Wherever the string "Gallery" shows up in the records below, return that line.

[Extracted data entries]
··········

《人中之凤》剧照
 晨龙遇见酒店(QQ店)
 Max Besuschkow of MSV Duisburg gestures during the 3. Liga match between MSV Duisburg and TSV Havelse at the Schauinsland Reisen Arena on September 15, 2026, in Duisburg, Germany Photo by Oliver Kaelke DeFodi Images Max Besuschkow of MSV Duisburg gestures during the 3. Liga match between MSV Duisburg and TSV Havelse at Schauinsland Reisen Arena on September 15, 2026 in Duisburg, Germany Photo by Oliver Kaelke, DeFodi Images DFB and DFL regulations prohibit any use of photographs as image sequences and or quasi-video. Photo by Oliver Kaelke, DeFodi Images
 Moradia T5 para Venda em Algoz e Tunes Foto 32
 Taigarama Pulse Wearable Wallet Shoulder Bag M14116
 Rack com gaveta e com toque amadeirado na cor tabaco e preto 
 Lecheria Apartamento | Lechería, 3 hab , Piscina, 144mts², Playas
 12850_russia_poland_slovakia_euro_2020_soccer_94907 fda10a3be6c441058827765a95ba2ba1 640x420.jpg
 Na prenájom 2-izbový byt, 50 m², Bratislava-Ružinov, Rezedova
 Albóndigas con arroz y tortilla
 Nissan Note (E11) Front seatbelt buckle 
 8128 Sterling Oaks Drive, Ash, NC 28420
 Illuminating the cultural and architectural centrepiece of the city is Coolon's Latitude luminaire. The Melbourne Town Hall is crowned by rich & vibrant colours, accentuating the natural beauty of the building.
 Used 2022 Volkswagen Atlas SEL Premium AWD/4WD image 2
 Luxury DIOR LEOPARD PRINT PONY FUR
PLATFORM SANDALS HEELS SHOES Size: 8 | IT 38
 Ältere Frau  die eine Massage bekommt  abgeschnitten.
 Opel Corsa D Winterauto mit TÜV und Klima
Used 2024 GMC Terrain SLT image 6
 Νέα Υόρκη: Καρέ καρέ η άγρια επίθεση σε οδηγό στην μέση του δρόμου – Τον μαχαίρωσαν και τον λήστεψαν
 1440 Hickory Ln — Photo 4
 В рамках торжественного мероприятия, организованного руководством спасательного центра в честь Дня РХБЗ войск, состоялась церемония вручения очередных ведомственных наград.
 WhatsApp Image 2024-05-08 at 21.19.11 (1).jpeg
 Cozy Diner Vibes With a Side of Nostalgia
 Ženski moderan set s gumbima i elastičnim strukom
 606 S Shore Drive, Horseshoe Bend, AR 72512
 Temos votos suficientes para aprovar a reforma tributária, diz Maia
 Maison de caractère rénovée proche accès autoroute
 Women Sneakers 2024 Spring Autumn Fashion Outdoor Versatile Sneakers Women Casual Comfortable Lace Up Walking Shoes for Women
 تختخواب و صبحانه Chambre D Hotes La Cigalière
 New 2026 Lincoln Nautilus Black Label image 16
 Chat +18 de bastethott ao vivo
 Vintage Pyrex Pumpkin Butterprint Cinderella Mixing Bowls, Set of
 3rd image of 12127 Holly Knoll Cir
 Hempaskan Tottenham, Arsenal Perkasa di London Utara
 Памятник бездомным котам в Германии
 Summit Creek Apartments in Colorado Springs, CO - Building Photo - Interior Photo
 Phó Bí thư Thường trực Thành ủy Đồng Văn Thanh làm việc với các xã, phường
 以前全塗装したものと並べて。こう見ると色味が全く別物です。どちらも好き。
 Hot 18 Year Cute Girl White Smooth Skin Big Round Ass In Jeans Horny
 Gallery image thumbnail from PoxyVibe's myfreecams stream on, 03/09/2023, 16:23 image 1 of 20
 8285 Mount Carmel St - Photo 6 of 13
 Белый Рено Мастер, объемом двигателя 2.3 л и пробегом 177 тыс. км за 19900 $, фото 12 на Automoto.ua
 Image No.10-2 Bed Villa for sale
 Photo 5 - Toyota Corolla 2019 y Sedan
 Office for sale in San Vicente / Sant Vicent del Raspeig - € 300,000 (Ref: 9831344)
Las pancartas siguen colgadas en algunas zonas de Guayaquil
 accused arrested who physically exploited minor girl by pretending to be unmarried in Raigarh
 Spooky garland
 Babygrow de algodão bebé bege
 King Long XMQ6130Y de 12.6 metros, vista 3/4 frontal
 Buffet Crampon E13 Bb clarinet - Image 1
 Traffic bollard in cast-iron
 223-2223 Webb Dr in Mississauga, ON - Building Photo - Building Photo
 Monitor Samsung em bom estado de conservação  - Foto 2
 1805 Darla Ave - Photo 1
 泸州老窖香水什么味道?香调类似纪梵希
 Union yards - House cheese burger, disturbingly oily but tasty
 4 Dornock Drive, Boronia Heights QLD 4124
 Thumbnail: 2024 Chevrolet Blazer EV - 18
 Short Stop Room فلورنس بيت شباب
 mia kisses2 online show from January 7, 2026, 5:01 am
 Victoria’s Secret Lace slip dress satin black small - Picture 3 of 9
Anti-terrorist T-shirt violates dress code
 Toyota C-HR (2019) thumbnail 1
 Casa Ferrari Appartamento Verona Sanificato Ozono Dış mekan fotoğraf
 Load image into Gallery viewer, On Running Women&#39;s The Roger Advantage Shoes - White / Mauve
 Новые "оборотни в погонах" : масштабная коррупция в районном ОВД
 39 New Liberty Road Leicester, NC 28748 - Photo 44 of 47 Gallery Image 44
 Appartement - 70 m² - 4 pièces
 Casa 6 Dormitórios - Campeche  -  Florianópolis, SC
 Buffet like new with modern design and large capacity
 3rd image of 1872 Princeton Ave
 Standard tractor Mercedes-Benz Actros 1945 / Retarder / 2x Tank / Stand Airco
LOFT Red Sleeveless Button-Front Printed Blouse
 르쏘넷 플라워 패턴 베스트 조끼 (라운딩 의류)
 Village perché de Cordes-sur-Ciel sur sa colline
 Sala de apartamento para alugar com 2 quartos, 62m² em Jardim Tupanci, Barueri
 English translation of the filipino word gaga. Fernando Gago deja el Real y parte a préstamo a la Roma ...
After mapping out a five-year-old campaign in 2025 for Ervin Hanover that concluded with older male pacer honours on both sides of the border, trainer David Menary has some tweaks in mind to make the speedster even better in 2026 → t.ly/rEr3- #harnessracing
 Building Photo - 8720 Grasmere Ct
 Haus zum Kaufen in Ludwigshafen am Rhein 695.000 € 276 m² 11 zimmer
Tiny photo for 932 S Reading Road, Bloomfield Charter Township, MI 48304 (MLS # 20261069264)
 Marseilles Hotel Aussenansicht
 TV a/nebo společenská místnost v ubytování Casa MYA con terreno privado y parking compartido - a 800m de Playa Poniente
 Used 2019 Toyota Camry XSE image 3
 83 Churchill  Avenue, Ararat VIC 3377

··········

SOLUTION TO THIS TASK
 Gallery image thumbnail from PoxyVibe's myfreecams stream on, 03/09/2023, 16:23 image 1 of 20
 Load image into Gallery viewer, On Running Women&#39;s The Roger Advantage Shoes - White / Mauve
 39 New Liberty Road Leicester, NC 28748 - Photo 44 of 47 Gallery Image 44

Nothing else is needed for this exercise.